| WHAT IS BEING ASKED |
For each line below that holds the word "Decor", make a copy.

| Items from a data source |
== Segment start ==
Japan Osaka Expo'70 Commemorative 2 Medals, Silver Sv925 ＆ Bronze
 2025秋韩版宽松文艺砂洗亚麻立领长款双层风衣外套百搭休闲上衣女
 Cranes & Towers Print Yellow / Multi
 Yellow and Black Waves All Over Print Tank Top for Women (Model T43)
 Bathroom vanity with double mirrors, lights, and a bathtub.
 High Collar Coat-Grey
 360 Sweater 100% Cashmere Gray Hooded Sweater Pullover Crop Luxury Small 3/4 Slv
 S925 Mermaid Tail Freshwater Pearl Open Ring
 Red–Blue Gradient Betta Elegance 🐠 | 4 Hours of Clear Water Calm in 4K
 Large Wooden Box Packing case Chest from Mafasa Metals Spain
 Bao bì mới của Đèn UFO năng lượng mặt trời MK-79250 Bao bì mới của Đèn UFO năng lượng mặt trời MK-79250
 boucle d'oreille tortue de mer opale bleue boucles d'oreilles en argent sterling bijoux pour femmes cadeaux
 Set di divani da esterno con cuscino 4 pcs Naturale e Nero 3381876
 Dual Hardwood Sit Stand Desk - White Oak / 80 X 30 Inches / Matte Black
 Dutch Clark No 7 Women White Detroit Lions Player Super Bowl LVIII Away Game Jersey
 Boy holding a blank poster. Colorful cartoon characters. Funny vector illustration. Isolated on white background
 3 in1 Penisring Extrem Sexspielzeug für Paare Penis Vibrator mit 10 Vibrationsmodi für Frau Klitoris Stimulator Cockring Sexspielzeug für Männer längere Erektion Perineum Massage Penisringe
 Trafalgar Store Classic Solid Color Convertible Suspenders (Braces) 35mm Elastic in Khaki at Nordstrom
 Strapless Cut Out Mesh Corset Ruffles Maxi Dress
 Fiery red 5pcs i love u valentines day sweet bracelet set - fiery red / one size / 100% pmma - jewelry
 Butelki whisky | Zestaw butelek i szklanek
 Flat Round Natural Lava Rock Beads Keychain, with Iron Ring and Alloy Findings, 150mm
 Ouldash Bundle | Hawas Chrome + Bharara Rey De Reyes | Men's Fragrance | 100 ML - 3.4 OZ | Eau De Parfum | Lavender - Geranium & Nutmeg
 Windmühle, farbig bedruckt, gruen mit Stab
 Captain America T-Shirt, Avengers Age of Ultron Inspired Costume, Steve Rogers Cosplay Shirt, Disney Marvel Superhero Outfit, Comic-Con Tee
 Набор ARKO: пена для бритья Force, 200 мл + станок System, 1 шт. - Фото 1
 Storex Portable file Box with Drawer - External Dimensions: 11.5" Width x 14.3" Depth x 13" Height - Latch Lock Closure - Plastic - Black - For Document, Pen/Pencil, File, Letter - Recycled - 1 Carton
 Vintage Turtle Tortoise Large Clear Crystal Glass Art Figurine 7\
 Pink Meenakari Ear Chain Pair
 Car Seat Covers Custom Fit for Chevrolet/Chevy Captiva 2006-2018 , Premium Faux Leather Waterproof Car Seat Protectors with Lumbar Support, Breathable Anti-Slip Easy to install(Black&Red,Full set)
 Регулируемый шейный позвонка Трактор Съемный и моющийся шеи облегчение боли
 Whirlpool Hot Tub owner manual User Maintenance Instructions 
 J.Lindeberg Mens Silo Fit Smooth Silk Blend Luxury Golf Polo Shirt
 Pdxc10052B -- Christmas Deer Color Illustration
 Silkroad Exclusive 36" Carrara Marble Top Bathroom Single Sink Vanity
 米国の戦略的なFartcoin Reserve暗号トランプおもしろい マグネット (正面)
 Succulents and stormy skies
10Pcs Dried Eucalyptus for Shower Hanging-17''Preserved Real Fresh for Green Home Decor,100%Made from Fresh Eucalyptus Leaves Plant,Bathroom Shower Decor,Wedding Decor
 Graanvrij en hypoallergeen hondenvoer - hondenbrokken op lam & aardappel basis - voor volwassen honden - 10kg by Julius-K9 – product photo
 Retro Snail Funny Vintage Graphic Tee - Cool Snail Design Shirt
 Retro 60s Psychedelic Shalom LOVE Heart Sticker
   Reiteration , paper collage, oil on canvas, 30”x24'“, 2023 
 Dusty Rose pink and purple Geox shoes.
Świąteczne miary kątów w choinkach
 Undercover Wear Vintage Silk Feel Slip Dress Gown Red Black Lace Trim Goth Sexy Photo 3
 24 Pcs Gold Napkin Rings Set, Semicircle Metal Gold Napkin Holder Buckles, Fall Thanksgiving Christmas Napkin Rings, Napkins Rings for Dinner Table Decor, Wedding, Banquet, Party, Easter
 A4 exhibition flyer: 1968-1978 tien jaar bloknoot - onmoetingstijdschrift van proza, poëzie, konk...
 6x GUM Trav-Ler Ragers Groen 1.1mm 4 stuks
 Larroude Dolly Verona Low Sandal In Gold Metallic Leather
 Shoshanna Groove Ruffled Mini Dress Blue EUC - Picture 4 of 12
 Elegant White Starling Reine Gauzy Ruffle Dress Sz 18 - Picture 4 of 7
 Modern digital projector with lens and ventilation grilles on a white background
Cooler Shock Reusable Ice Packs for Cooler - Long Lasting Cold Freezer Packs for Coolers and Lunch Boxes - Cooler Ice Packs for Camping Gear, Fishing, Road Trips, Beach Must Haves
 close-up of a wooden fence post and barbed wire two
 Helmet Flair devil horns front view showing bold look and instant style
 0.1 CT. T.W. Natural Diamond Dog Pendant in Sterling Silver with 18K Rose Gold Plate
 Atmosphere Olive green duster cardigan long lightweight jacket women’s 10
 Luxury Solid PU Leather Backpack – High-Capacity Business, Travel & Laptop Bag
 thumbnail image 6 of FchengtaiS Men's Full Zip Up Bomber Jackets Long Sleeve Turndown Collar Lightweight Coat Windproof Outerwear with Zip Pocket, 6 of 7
== Segment end ==
| RESULT OF THE TASK |
10Pcs Dried Eucalyptus for Shower Hanging-17''Preserved Real Fresh for Green Home Decor,100%Made from Fresh Eucalyptus Leaves Plant,Bathroom Shower Decor,Wedding Decor
 24 Pcs Gold Napkin Rings Set, Semicircle Metal Gold Napkin Holder Buckles, Fall Thanksgiving Christmas Napkin Rings, Napkins Rings for Dinner Table Decor, Wedding, Banquet, Party, Easter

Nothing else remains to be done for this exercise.